Friday, July 06, 2007

Betrayal

I guess the US news media have better things to do than report on this huge story from Iraq. I can't imagine what those things would be; but it is possible to view the US effort in Iraq in a positive light based on this story, so I guess we'll never see it on CNN.

As a former journalist myself, I tend to forget how little the average person perceives the hideous, destructive bias in the US and world press corps. It's the way it's always been for most of us, and even as a participant it didn't really smack me across the face for a while. It took years for it to register consciously that I was the only conservative I had ever met in journalism, and even then I didn't believe, couldn't believe, that other journalists would indulge their prejudices by expressing them in news stories.

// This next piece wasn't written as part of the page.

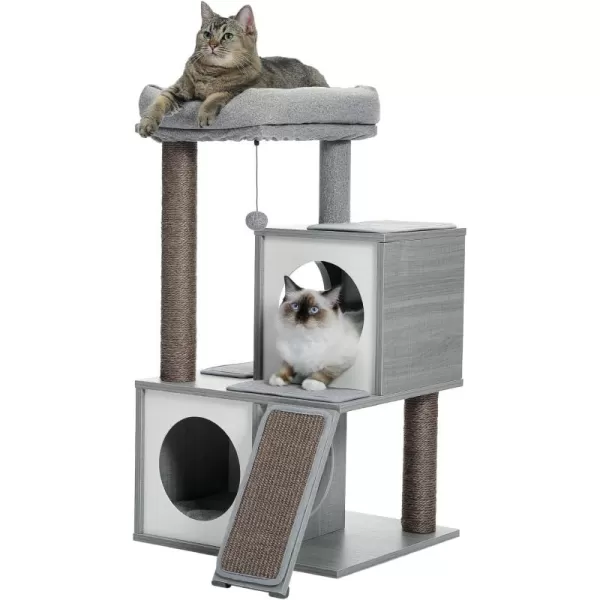 PAWZ Road Cat Tree 35 Inches Wooden Cat Tower with Double Condos Spacious Perch Fully Wrapped Scratching Sisal Posts and Replaceable Dangling BallsWalnutWooden Gray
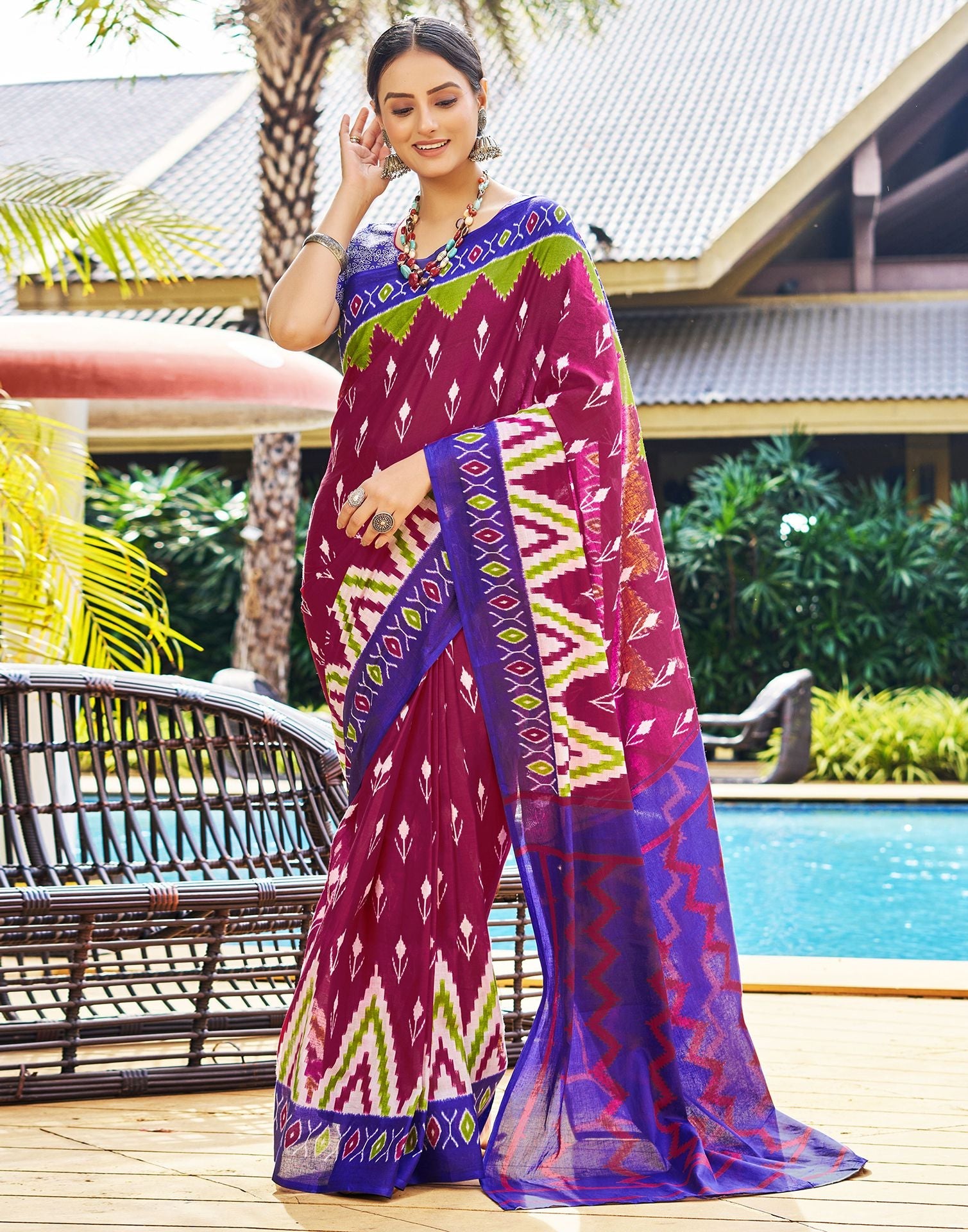 Ready to Wear Pink Printed Cotton Saree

I just figured you could get all the bias you wanted to put across into editorials. But in the end, it's more effective to allude to that bias in which stories you run and which you don't, and the tone therein. By never using the word "terrorist," one is making a distinct choice in how one's readers think about the people in your story. By not running a story about an al Qaeda massacre, one is making a distinct choice about how the situation in Iraq should be viewed by one's readers. And so on.

I've given up on the press and its sacred duty to keep partisan sentiments out of the game. I know I can't get a real picture of the world through the networks, CNN, MSNBC, newspapers and magazines. And as Google (among others) filters search results to deny access to "right-wing hate sites" (translation: the top 20 conservative blogs), it will get harder and harder to find dissenting information.

When a large percentage of the populace believes Bush was behind 9/11, journalism as an industry has failed miserably, and it won't improve unless we demand better.